-------- Records for processing --------

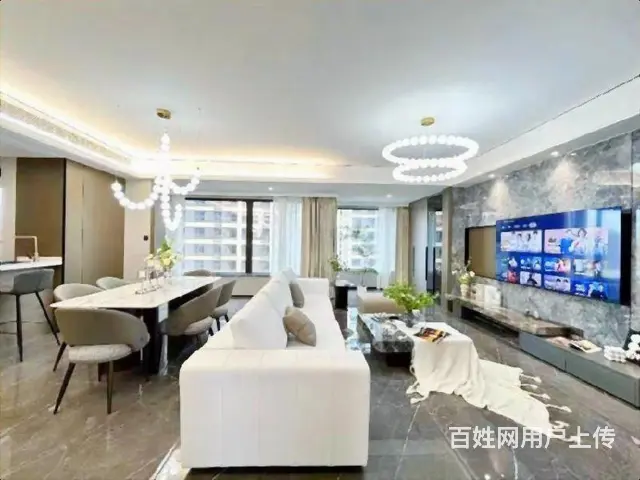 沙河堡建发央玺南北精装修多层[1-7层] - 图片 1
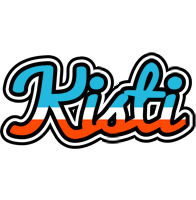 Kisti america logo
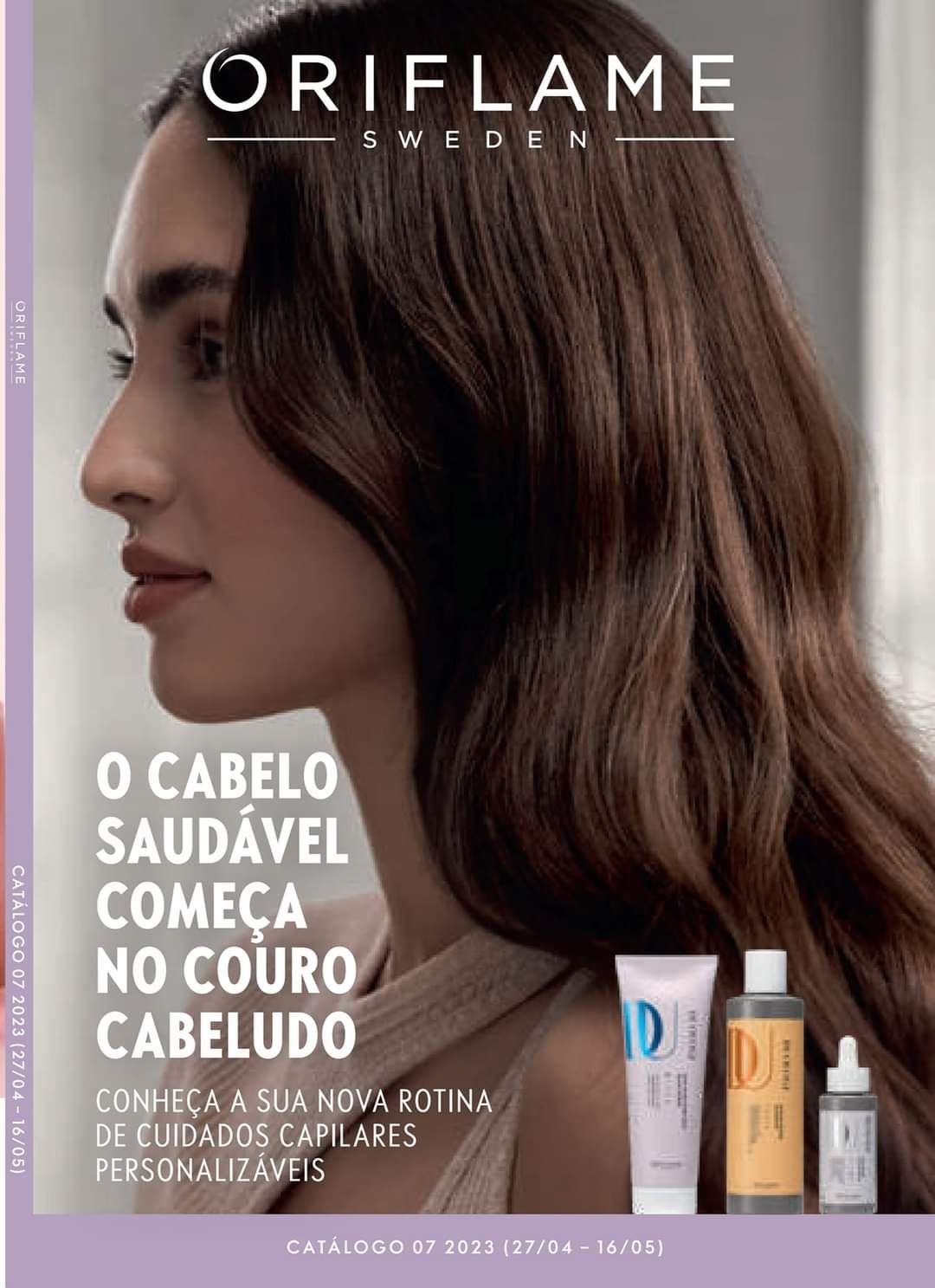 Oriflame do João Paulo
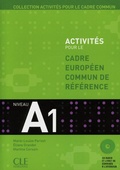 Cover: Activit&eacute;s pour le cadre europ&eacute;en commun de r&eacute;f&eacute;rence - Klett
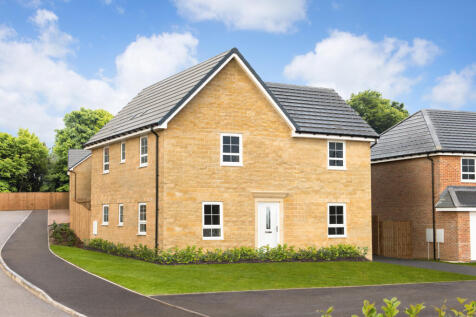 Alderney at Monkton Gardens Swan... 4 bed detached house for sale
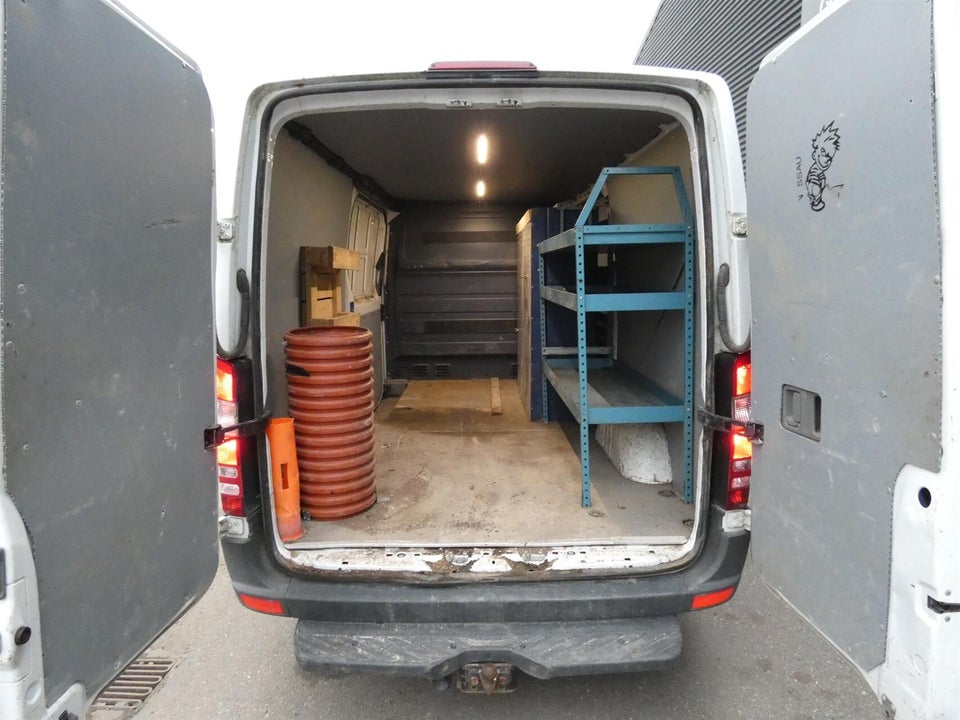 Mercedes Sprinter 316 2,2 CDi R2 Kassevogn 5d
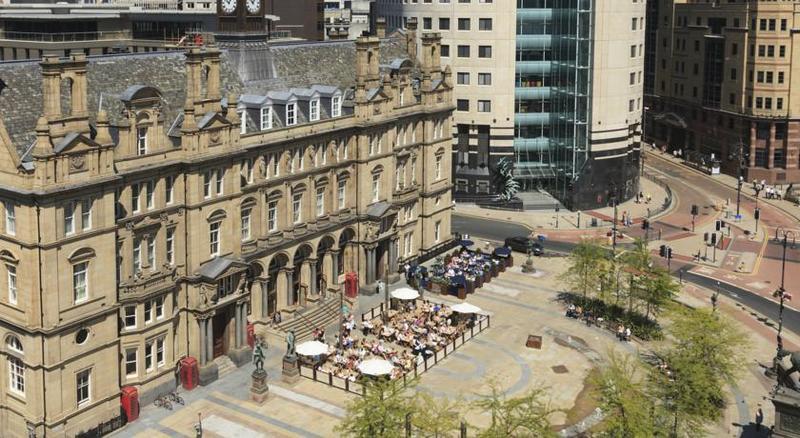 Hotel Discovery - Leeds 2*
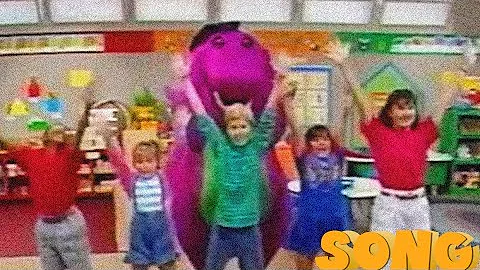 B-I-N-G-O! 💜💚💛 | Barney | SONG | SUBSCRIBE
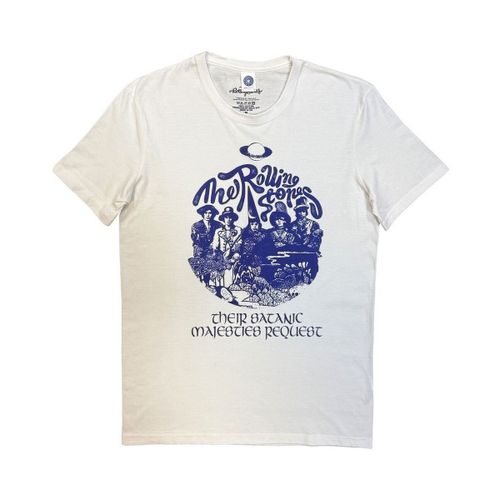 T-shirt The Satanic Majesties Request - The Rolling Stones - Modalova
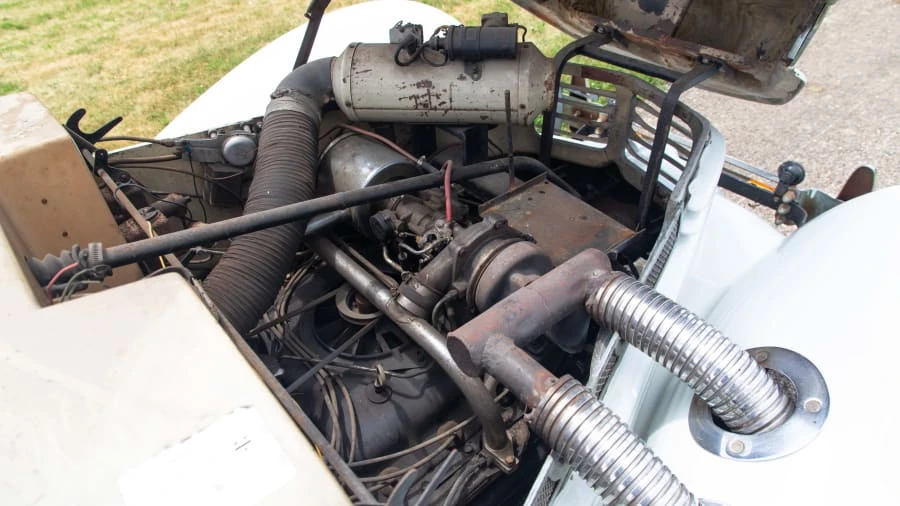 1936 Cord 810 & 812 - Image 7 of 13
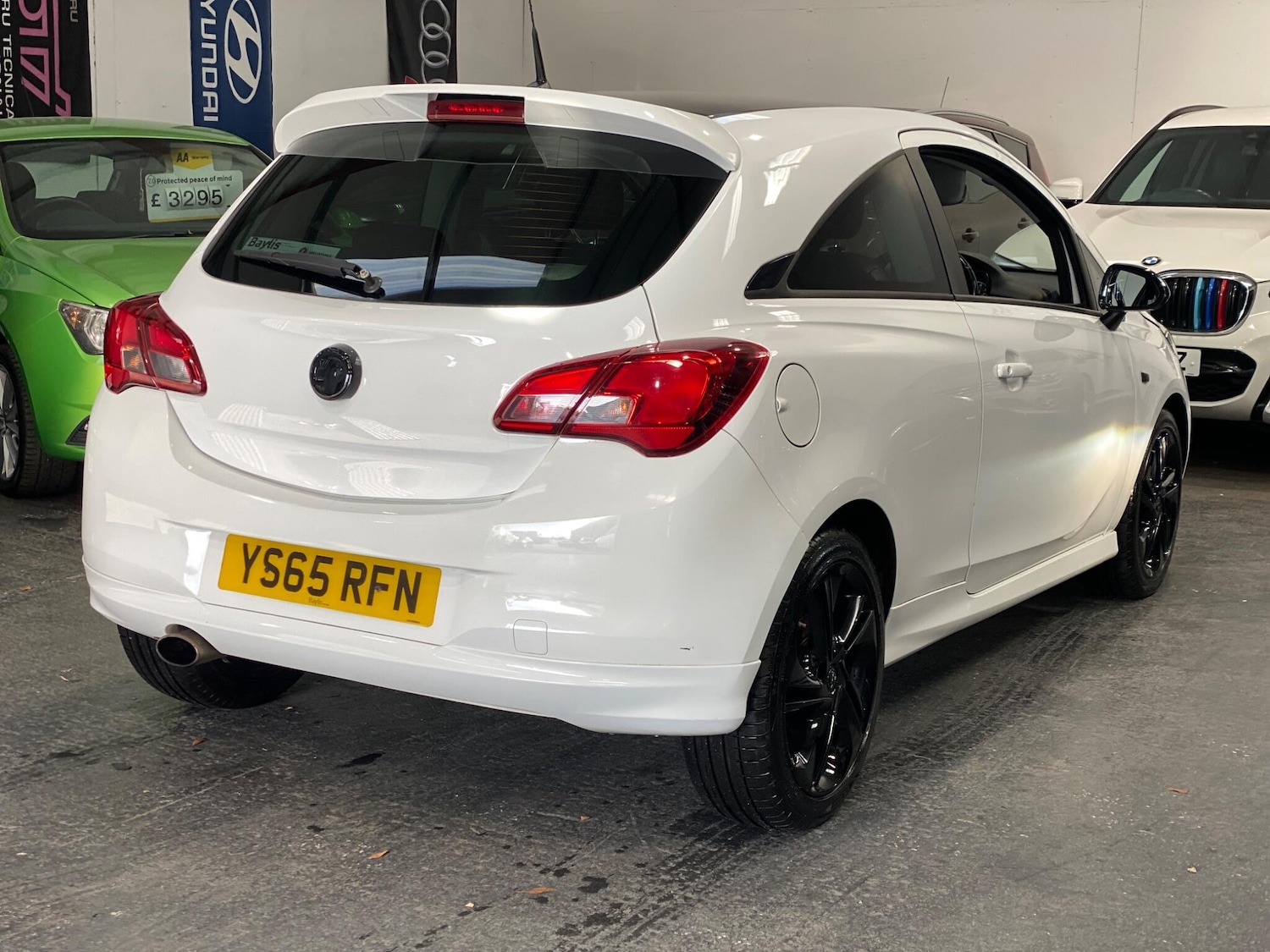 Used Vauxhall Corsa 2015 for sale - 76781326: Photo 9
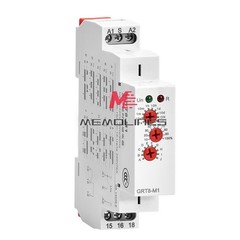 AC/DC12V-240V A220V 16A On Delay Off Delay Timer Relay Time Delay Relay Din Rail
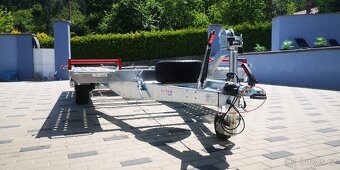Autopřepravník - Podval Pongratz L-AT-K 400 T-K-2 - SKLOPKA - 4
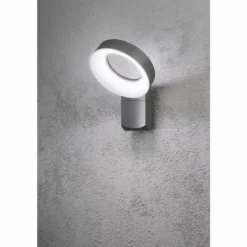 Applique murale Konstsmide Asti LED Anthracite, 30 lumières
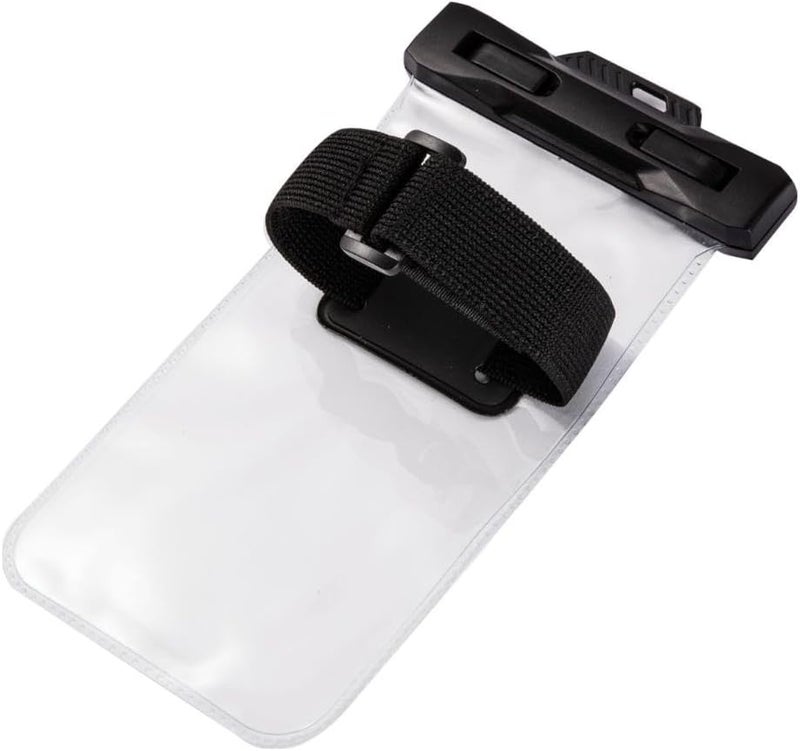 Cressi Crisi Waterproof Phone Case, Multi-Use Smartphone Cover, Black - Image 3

--------

Description of the task
The required result is the entries above, printed exactly from the first line through the line with "B-I-N-G-O! 💜💚💛 | Barney | SONG | SUBSCRIBE", pictures excluded.

Task result
 沙河堡建发央玺南北精装修多层[1-7层] - 图片 1
 Kisti america logo
 Oriflame do João Paulo
 Cover: Activit&eacute;s pour le cadre europ&eacute;en commun de r&eacute;f&eacute;rence - Klett
 Alderney at Monkton Gardens Swan... 4 bed detached house for sale
 Mercedes Sprinter 316 2,2 CDi R2 Kassevogn 5d
 Hotel Discovery - Leeds 2*
 B-I-N-G-O! 💜💚💛 | Barney | SONG | SUBSCRIBE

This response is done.